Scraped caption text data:
━━━━━━━━━━━━━━━━━━━━
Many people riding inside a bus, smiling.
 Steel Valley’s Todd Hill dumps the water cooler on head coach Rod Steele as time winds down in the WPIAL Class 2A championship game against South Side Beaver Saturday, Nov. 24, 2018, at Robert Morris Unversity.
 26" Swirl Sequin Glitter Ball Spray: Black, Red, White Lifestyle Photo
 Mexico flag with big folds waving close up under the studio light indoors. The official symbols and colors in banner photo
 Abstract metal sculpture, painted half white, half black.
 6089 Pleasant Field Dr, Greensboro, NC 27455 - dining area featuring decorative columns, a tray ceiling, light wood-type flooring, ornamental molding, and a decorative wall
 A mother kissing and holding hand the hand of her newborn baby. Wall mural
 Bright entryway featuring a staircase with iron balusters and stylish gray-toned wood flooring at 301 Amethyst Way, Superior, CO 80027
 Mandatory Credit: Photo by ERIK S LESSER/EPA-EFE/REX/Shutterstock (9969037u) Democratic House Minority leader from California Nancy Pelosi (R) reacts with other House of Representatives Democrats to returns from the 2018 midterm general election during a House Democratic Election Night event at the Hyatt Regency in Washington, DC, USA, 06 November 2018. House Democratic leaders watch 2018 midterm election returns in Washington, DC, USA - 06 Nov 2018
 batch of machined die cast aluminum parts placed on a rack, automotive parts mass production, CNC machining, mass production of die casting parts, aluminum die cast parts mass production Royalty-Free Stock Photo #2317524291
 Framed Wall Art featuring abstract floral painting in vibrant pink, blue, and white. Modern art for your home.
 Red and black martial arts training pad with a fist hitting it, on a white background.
━━━━━━━━━━━━━━━━━━━━
Requirement:
Give only the lines from the one holding "6089 Pleasant Field" through the one holding "A mother kissing", each restated exactly as it appears above.

Solution below:
 6089 Pleasant Field Dr, Greensboro, NC 27455 - dining area featuring decorative columns, a tray ceiling, light wood-type flooring, ornamental molding, and a decorative wall
 A mother kissing and holding hand the hand of her newborn baby. Wall mural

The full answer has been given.